Wrong scarf, wrong pants, wrong everything?

I woke up this morning, thinking that I was putting on the wrong pants, wrong top. I kept changing clothes, until I realized that it was just me believing my own sick stupidity. I was so insecure that I thought that my clothes would conceal it. Sadly, clothes do.

We all have those pieces: the tee shirt that is just a little too big but it's from the college team we love, those sweatpants that have paint stains on them but we cannot part, or that top that never did look good but it has some amazing memories.

I was a dancer years ago, and my dance warmups were clothes of love. They were threaded with memories, and I came across those clothes recently or rather, my mom did. My pointe shoes were rapped in an old AC/DC shirt that had more paint on it than a room. My clothing in there was a hodgepodge of crap but I cannot bear the thought of parting with them. Why? I'm not really sure.

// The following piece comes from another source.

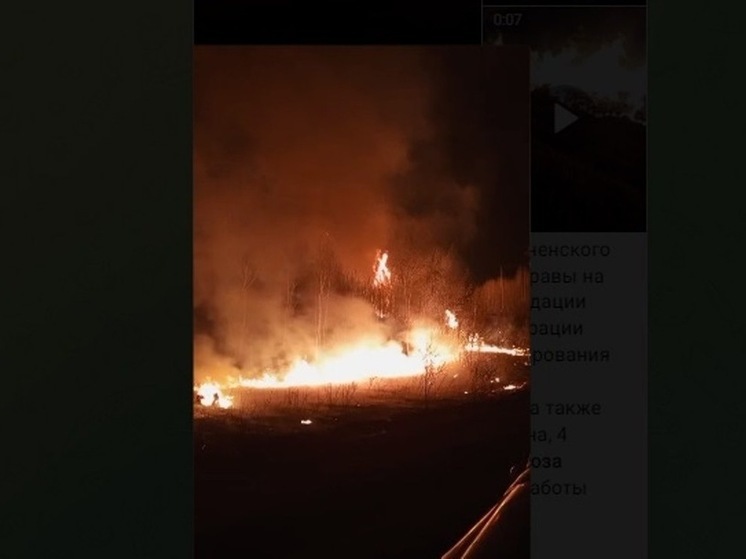 В Амурской области пламя разбушевалось возле поселка Орлиный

Is is that I'm scared to move on with my life, or is it that I cannot continue working and moving forward without looking back? It's just a general question.

I'm not a packrat by any stretch of the imagination but I do like to keep ahold of those things that remind me of the good times, but those good time charlie items tend to also keep some sadness with them. Not just the sadness that those times are over. Wow, that sounded like an Eric Clapton song, or worse a country song. Damn I need some more coffee.

I love all of the clothes I own, and I still to this day cannot get rid of my leotard, even though I haven't danced in over 3 years. But why can't I? Is it just immaturity? Is it hope that I'll dance again? Is is that I see the potential in fashion? Is this why I still wake up some days and go through so many choices for clothing? Because I cannot make up my mind? Because I'm hoping that the clothes I pick will bring happiness? That that joy will start seeping joy into my skin? It's a sad vicious circle...or is the answer as simple as me just being a total chick? Here I am, about to have one of the girliest events ever, but for some reason, those choices are easier to make than my daily clothing choices. I can decide what kind of shoes, gloves, dress everything and yet this event is going to be photographed and I am going to have these pictures for the rest of my life. For some reason, that doesn't worry me.

Let me change the topic: how do you change people's perception of you? Well, you know what? I don't have an answer for you on that. Why? I need to do it. Or rather, I need to accept that everyone has their own opinion. But how did Madonna do it? Britney Spears? The famous pop artists...if they did it, why can't I...

Do I change my clothes, my hair, my makeup? What do I need to do?

Everytime that I ask this of myself, I realize that I don't want to change a damn thing about myself because if I did, then I wouldn't be me. Wow, I am just one giant soft rock music genre today. I really need to get better.